▸ **TASK**
Print out the records precisely, keeping each line identical to its source.

⟨

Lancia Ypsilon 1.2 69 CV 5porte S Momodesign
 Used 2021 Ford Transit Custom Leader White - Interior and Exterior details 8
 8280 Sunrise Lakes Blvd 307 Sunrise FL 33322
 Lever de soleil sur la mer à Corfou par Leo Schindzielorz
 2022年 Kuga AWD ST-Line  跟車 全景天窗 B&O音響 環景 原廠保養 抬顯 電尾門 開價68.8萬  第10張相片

⟩

▸ **REPLY TO THE EXERCISE**
Lancia Ypsilon 1.2 69 CV 5porte S Momodesign
 Used 2021 Ford Transit Custom Leader White - Interior and Exterior details 8
 8280 Sunrise Lakes Blvd 307 Sunrise FL 33322
 Lever de soleil sur la mer à Corfou par Leo Schindzielorz
 2022年 Kuga AWD ST-Line  跟車 全景天窗 B&O音響 環景 原廠保養 抬顯 電尾門 開價68.8萬  第10張相片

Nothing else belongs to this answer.